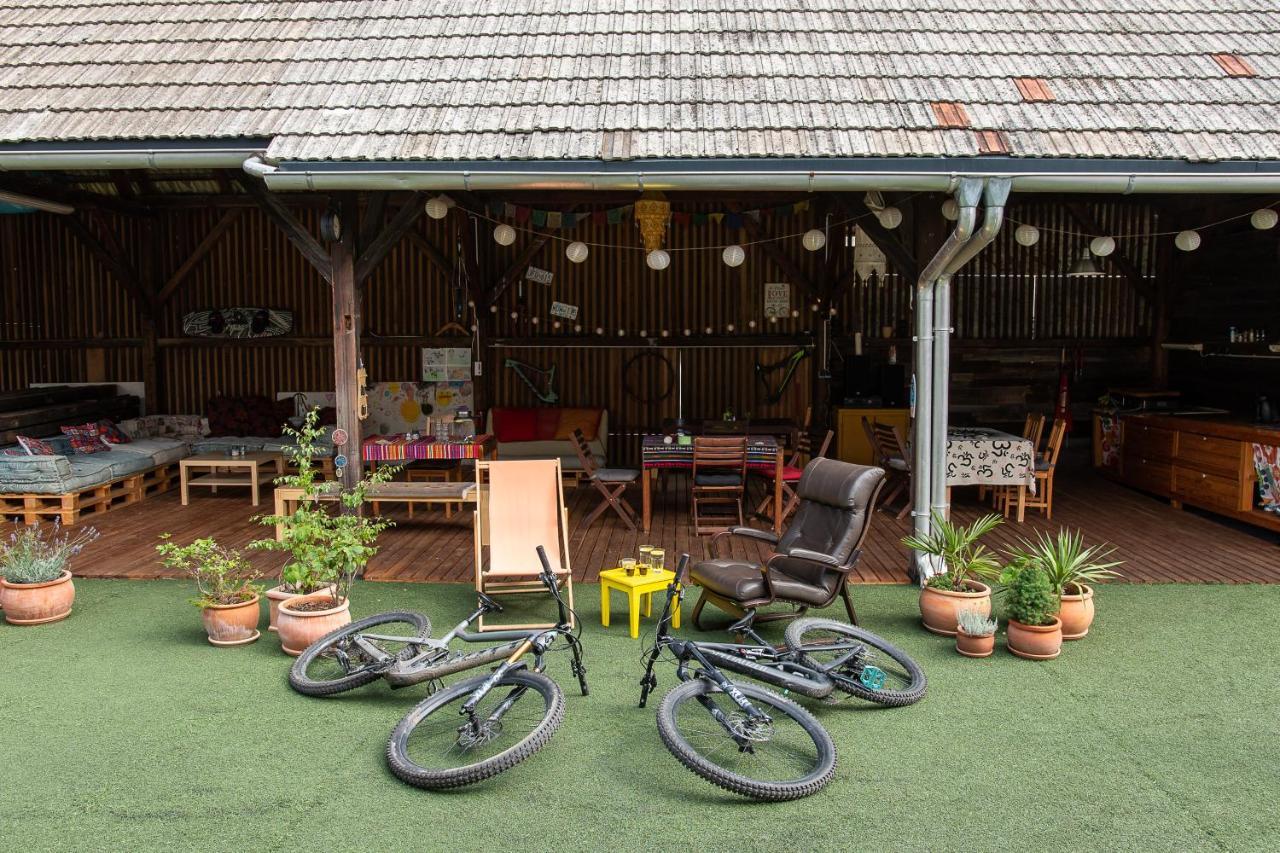 Bikeski Family Hotel, B&B, Apartaments, Rooms Mezica Exteriör bild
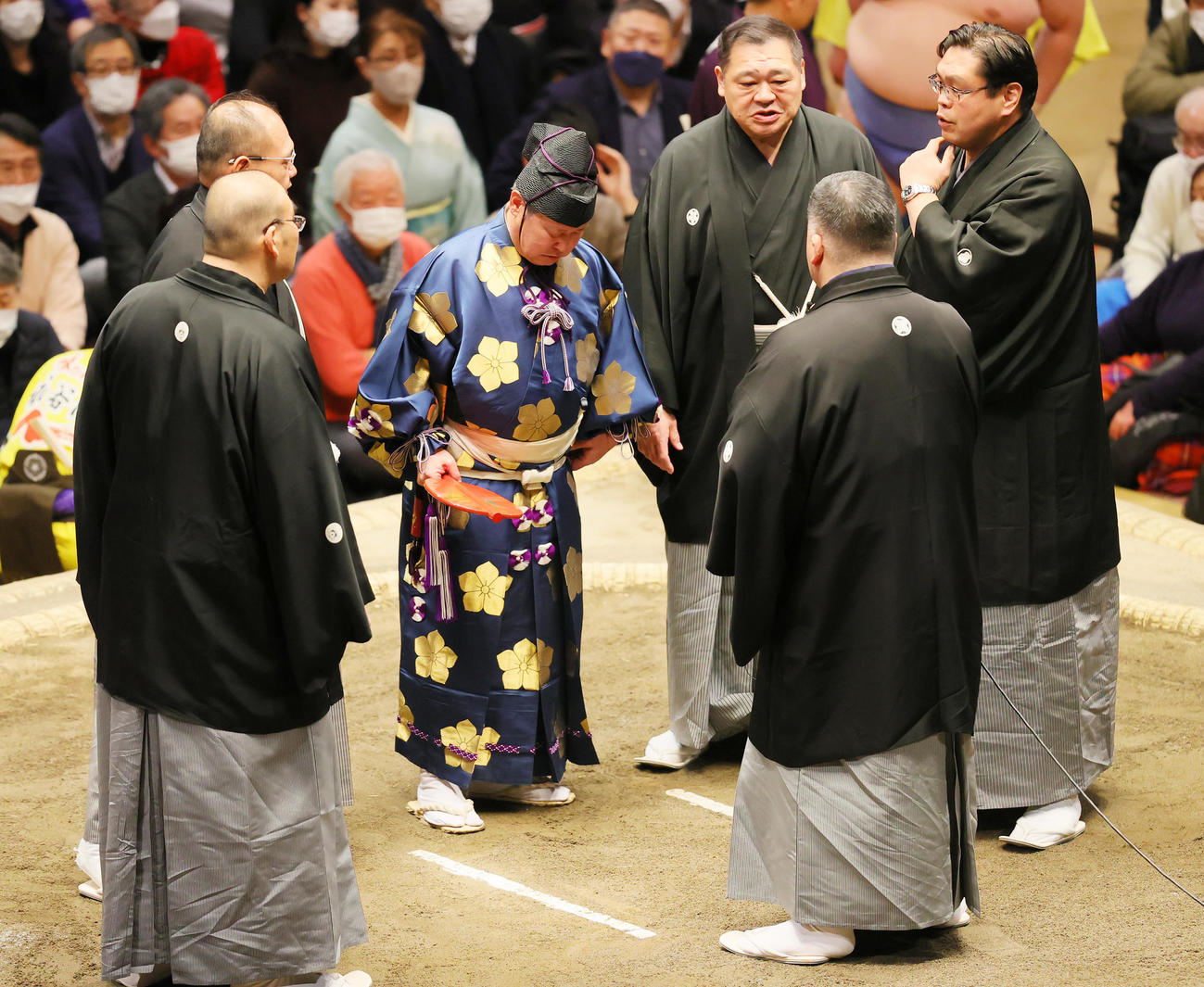 明生対正代の一番で物言いが付き協議する審判団。中央は式守伊之助（撮影・野上伸悟）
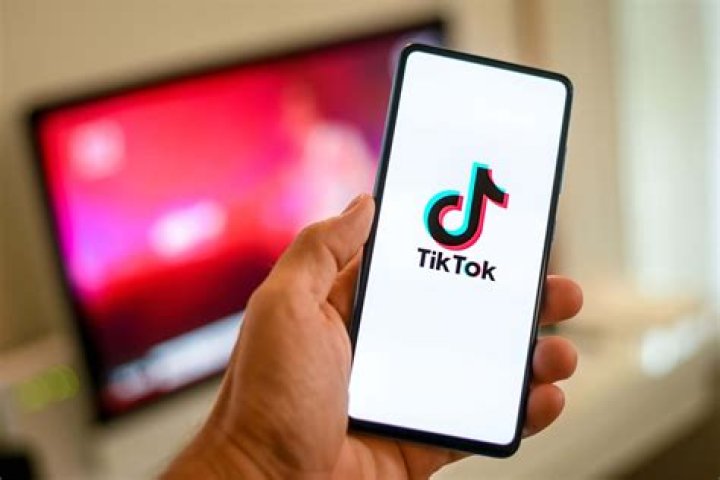 What is the best TikTok phone?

**TRY IT**
A word-for-word transcription of the listing is needed, minus its images.

**REPLY**
 Bikeski Family Hotel, B&B, Apartaments, Rooms Mezica Exteriör bild
 明生対正代の一番で物言いが付き協議する審判団。中央は式守伊之助（撮影・野上伸悟）
 What is the best TikTok phone?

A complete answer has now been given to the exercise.